After thousands of hours of investigation, three clinical trials at Duke University in Durham, North Carolina, were suspended in late 2009 because of the irreproducibility of the genomic 'signatures' used to select cancer therapies for patients. Journals have a duty to help the community by maintaining reproducibility as a cornerstone of the scientific process.

The independent reanalysis of these signatures took so long because the information accompanying the associated publications was incomplete. Unfortunately, this is common: for example, a survey of 18 published microarray gene-expression analyses found that the results of only two were exactly reproducible (J. P. Ioannidis et al. Nature Genet. 41, 149–155; 2009). Inadequate information meant that 10 could not be reproduced.

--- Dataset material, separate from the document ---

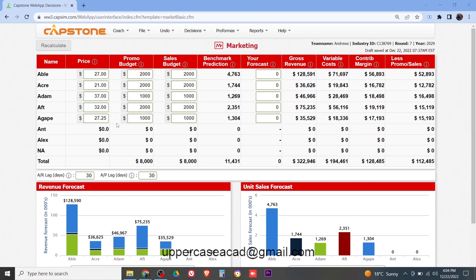Hello guys and welcome. Today's video I'll be talking about the marketing page in the Capsim business simulation. If you feel like you have any questions or problems concerning the Capsim simulation, just send me an email and I'll look at it. To start off, in the marketing page we normally make decisions in four areas: the price, the promo budget, sales budget, and your forecast.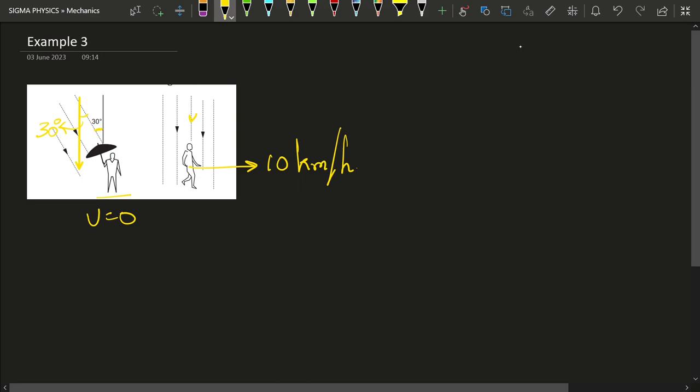Actually, this is completely normal and we all experience it in our everyday life. Whenever you are traveling by a bike, when you're on the ground rain falls vertically down, but as soon as you start traveling on a bike the rain falls directly on your face. This is completely normal — but what is the physics behind it?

To counter this problem, journals should demand that authors submit sufficient detail for the independent assessment of their paper's conclusions. We recommend that all primary data are backed up with adequate documentation and sample annotation; all primary data sources, such as database accessions or URL links, are presented; and all scripts and software source codes are supplied, with instructions. Analytical (non-scriptable) protocols should be described step by step, and the research protocol, including any plans for research and analysis, should be provided (see http://go.nature.com/UaF2Kv). Files containing such information could be stored as supplements by the journal.

There may be some situations that preclude authors from supplying complete data or code — in protecting patient confidentiality, for example. In such cases, authors should justify the omission and assure independent reproducibility by alternative means.

The quality of scientific output will benefit from setting these standards. As a community, we owe it to patients and to the public to do what we can to ensure the validity of the research we publish.